» Required work
Please output exactly the lines below, starting at the line that has "Surčin divlja betonska baza" and ending at the line that has "Standard, Queen Bed, No", both included; leave out all pictures and include nothing else.
Top of Record excerpts
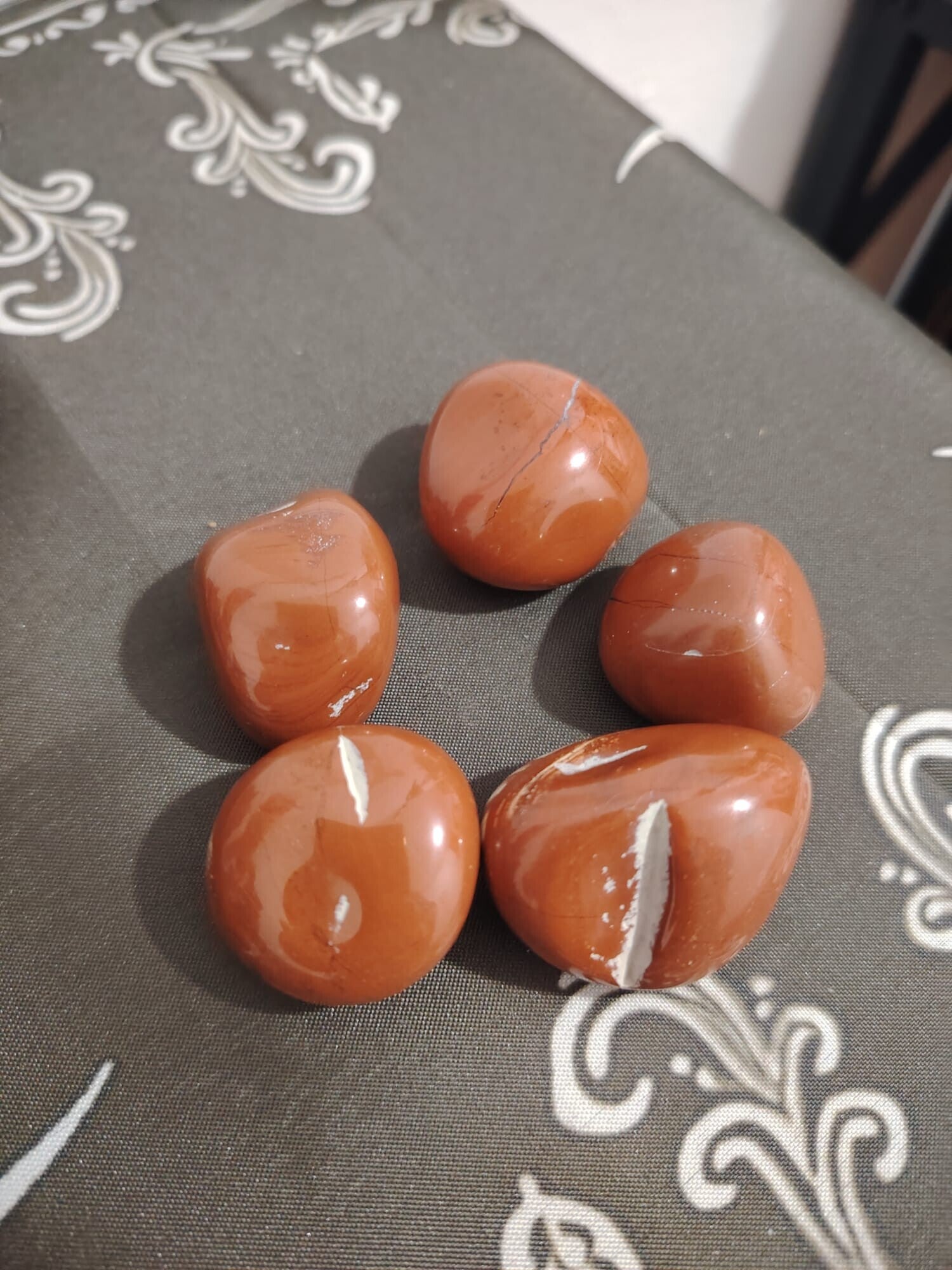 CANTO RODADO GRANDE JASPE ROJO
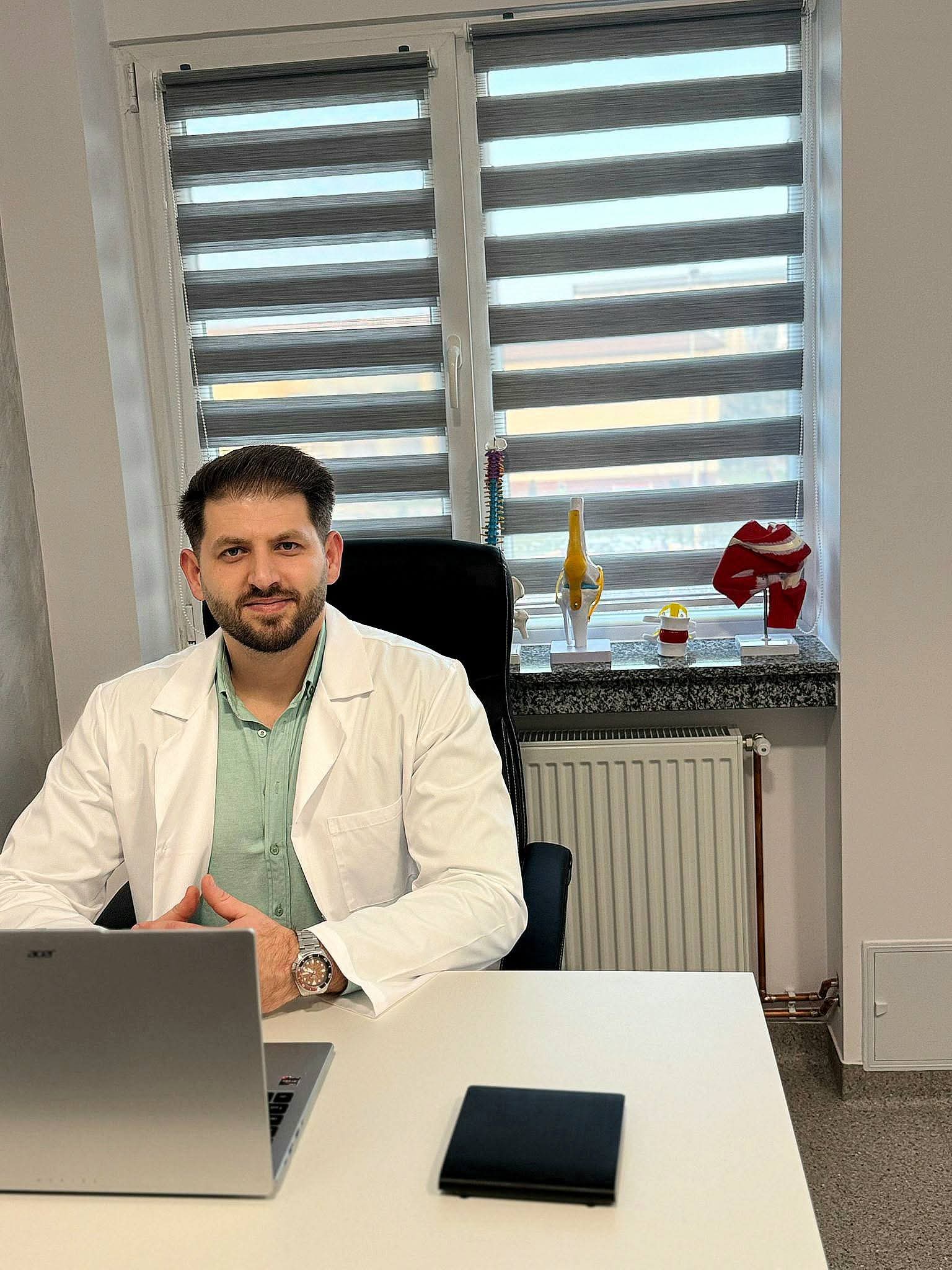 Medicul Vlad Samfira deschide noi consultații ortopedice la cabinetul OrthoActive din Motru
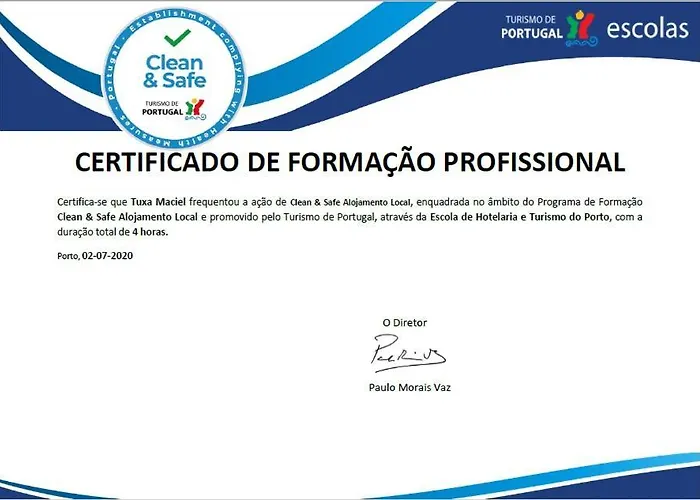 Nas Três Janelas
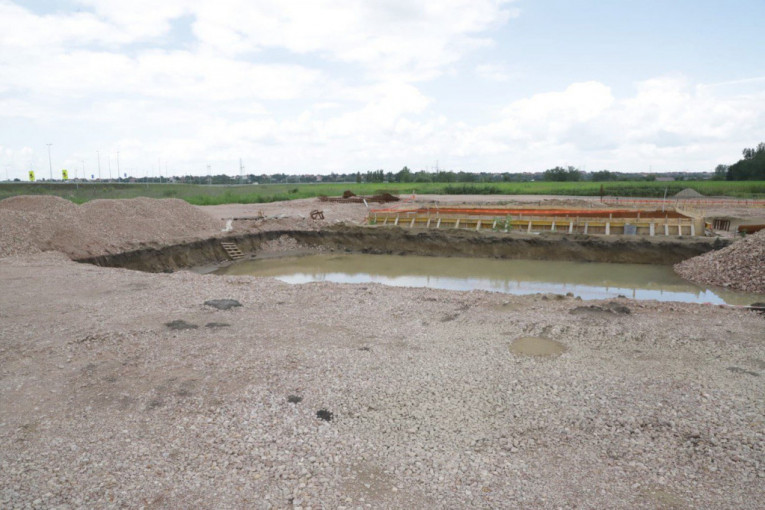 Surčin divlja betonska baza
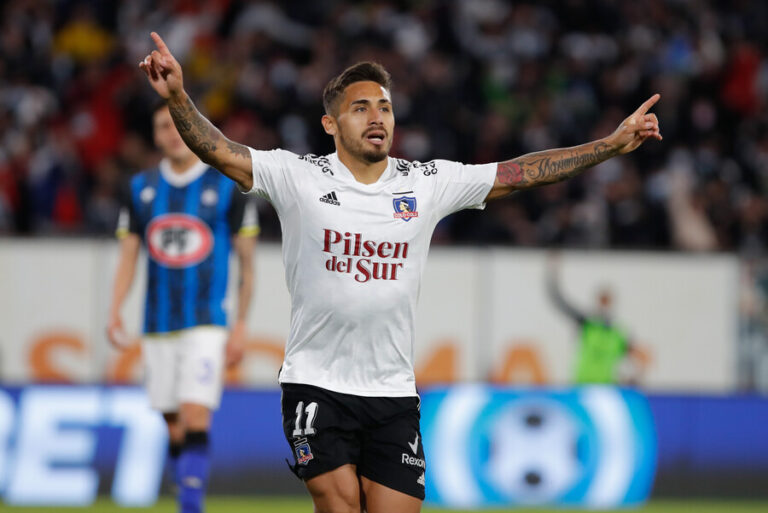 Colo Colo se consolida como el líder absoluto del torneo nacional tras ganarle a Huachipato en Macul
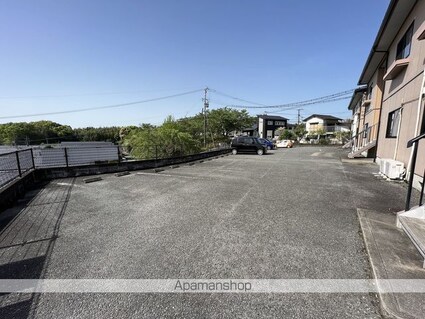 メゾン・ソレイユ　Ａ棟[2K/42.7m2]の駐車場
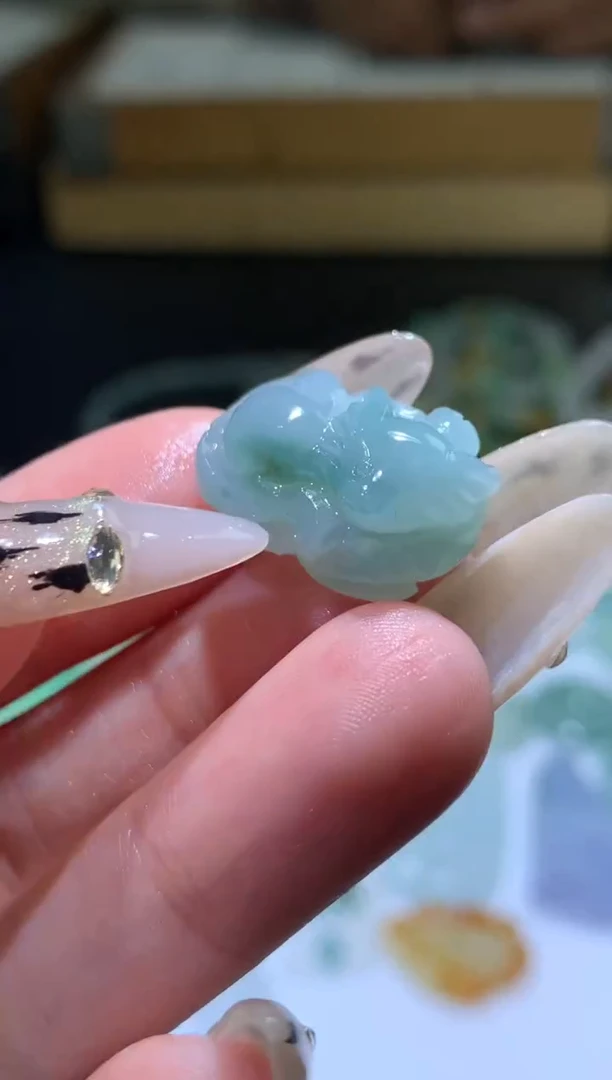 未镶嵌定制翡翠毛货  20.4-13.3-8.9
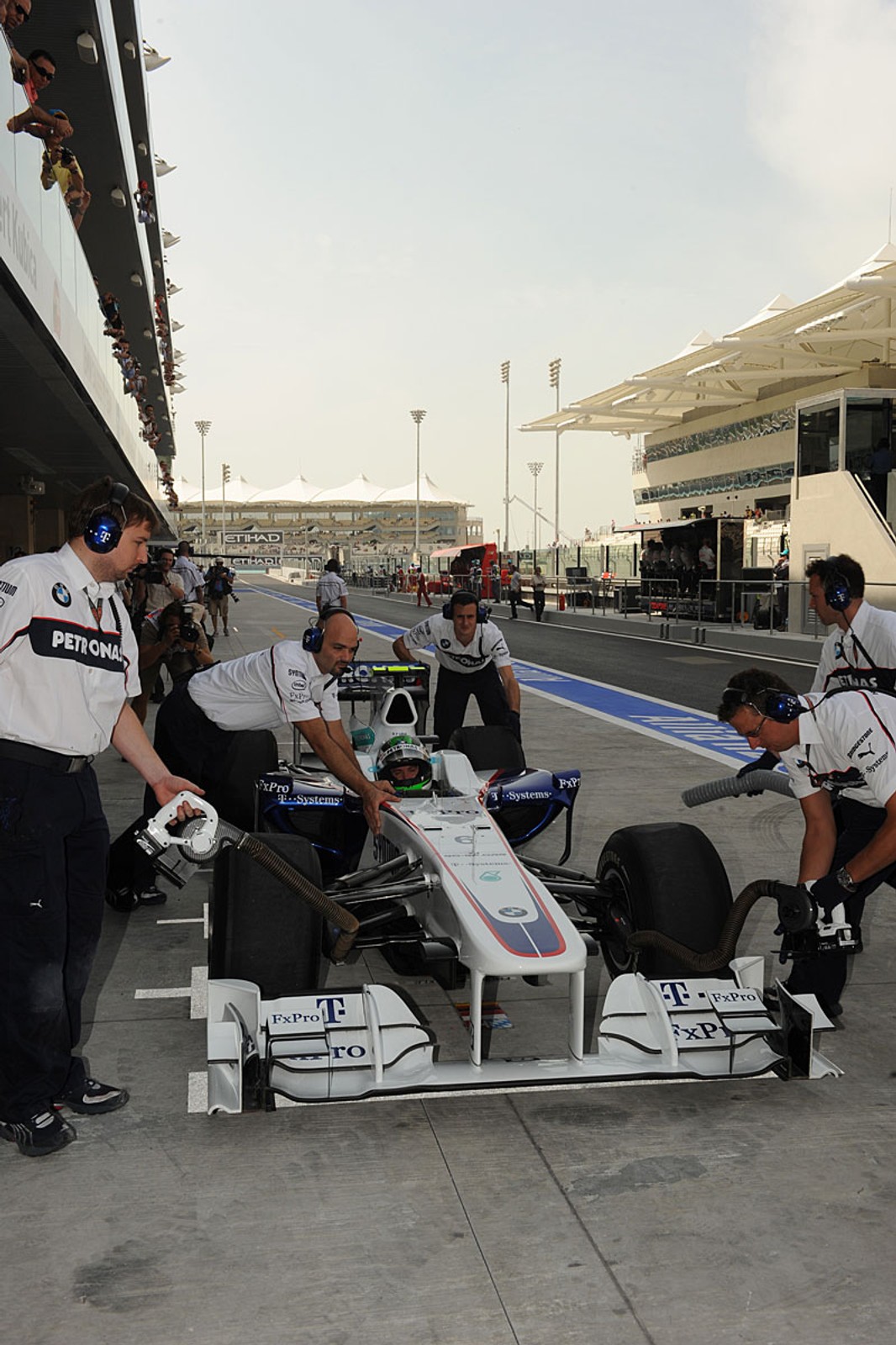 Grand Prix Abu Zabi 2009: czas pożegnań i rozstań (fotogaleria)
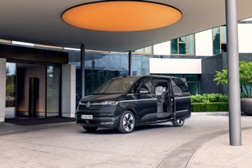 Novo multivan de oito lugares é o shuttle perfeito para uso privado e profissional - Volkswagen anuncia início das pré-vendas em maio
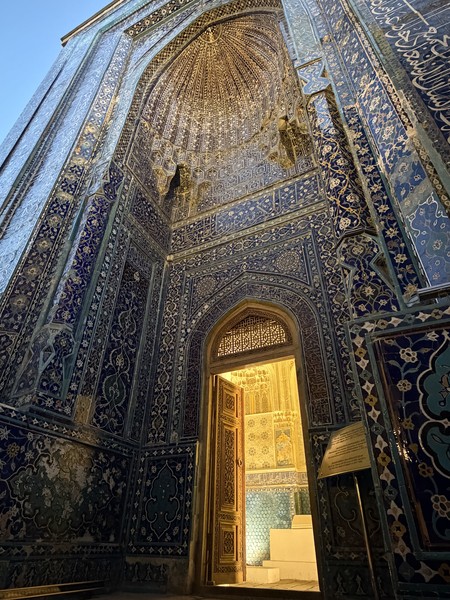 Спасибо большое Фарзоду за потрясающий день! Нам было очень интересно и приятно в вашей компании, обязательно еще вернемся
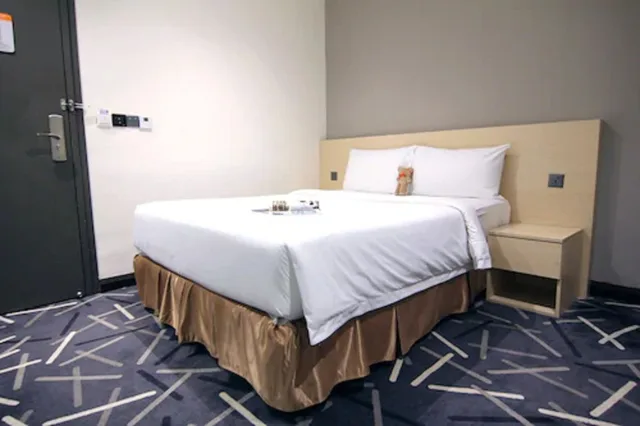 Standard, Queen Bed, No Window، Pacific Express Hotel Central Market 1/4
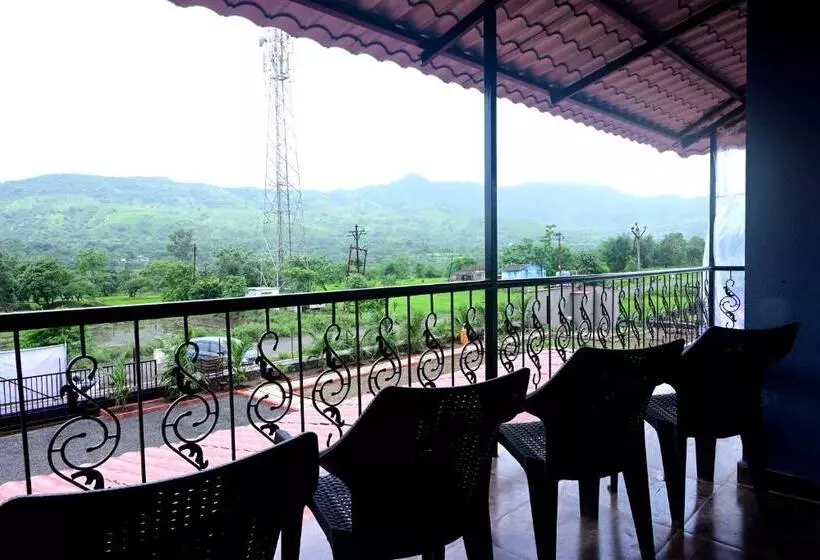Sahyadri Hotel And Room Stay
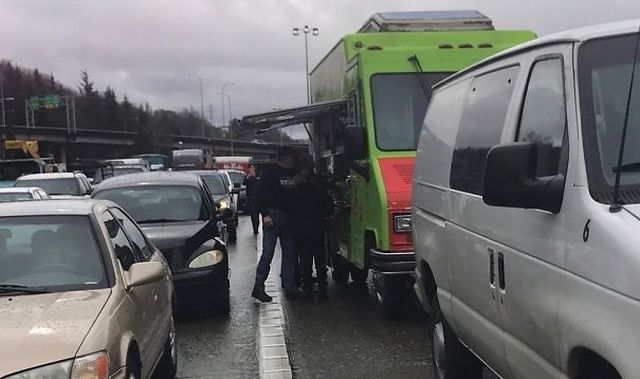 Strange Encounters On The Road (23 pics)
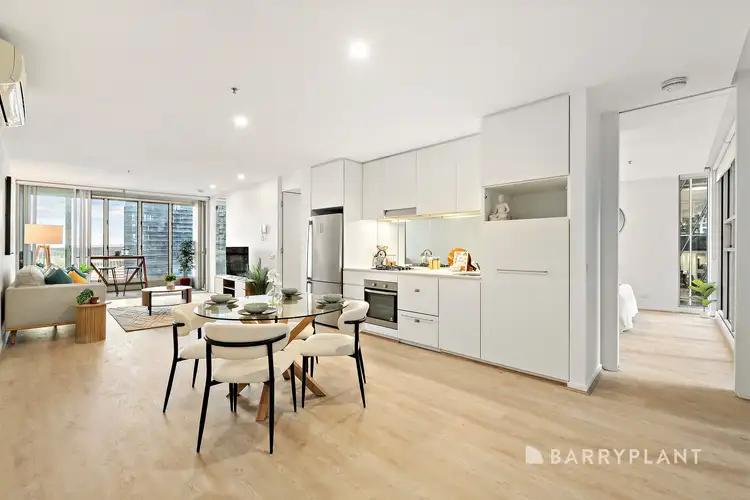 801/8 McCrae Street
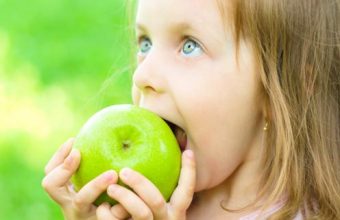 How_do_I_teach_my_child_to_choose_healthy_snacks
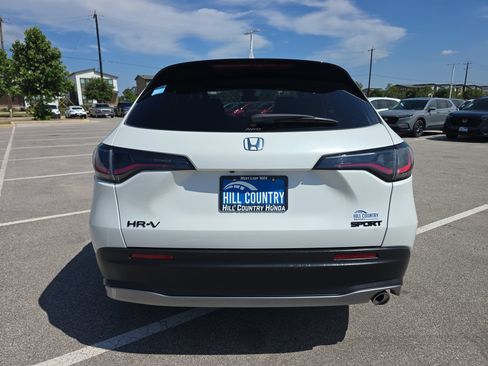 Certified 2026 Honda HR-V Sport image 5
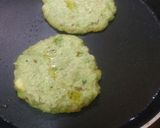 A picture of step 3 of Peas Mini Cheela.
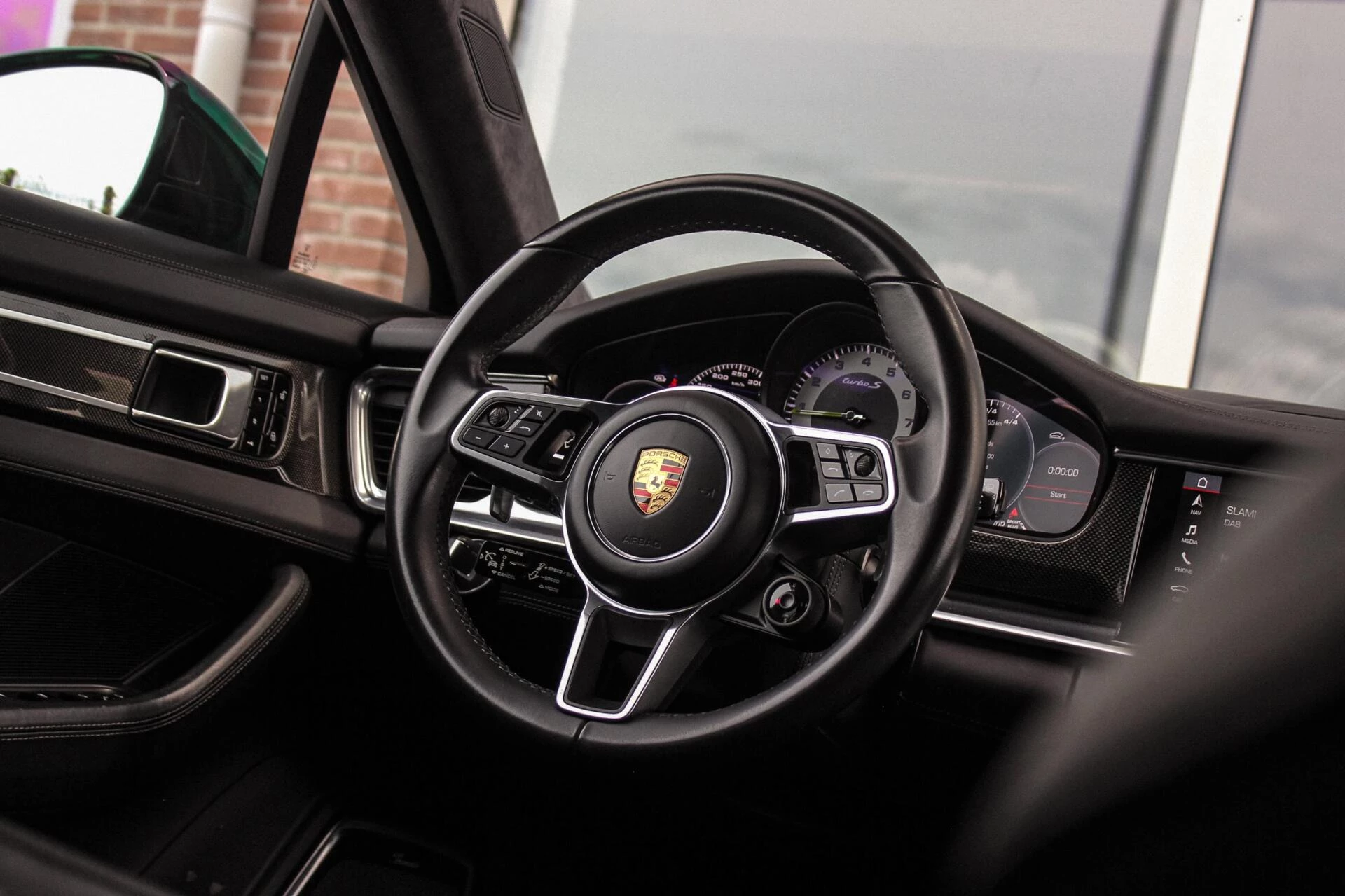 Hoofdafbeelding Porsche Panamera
Bottom of Record excerpts
» Response below
 Surčin divlja betonska baza
 Colo Colo se consolida como el líder absoluto del torneo nacional tras ganarle a Huachipato en Macul
 メゾン・ソレイユ　Ａ棟[2K/42.7m2]の駐車場
 未镶嵌定制翡翠毛货  20.4-13.3-8.9
 Grand Prix Abu Zabi 2009: czas pożegnań i rozstań (fotogaleria)
 Novo multivan de oito lugares é o shuttle perfeito para uso privado e profissional - Volkswagen anuncia início das pré-vendas em maio
 Спасибо большое Фарзоду за потрясающий день! Нам было очень интересно и приятно в вашей компании, обязательно еще вернемся
 Standard, Queen Bed, No Window، Pacific Express Hotel Central Market 1/4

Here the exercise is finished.